Vous pensez vraiment qu'ils pourront revoir de la merde après avoir vu ça ?

C'est quelquepart déjà notre cas : nous nous gâchons le plaisir en voyant de nombreux combat parce que nous sommes devenus exigeants. Cette exigence, le public peut l'acquérir lui aussi. Quelquepart il l'a déjà acquise dans les films d'action de combat à mains nues. Avec l'arrivée des films de Hong Kong et des arts martiaux dans le cinéma américain il est désormais inconcevable de filmer de la baguarre à l'ancienne comme on en voyait encore dans les années 80. Faisons ça pour l'escrime aussi, c'est possible : il faut être exigeants.

En guise de conclusion : ne plus se cacher derrière le public pour justifier des choix boiteux.

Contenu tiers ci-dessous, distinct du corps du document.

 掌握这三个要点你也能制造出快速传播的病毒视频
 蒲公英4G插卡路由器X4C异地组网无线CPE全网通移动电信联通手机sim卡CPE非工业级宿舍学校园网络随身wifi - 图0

Au final je crois que je me lasse d'entendre les gens justifier qu'ils amplifient le mouvement "pour que le public comprenne" ou que si on va trop vite "le public ne suivra pas". Je crois que le public verra d'abord l'intention et le réalisme et si une passe d'arme est trop complexe pour son niveau d'escrime il y aura un effet "mais comment il/elle a fait ça ?", la même stupéfaction que devant les tours d'un magicien avec le bonus "wouahh il/elle est trop fort.e !"
Dans la vidéo d'Adorea montrée plus haut les coups sont historiques, c'est rapide, engagé et je ne pense pas que le public lambda comprenne absolument tout. Pourtant ça envoie, ça impressionne et ça a plu à tous ceux à qui j'ai montré ce combat !
Donc, même si on est conscient que le public sera très probablement bienveillant et content de voir des gens agiter des épées on se doit de le respecter en lui présentant ce que l'on sait faire de meilleur et en ne se cachant pas derrière lui pour justifier de ne pas respecter la logique de l'arme, du combat ou des personnages.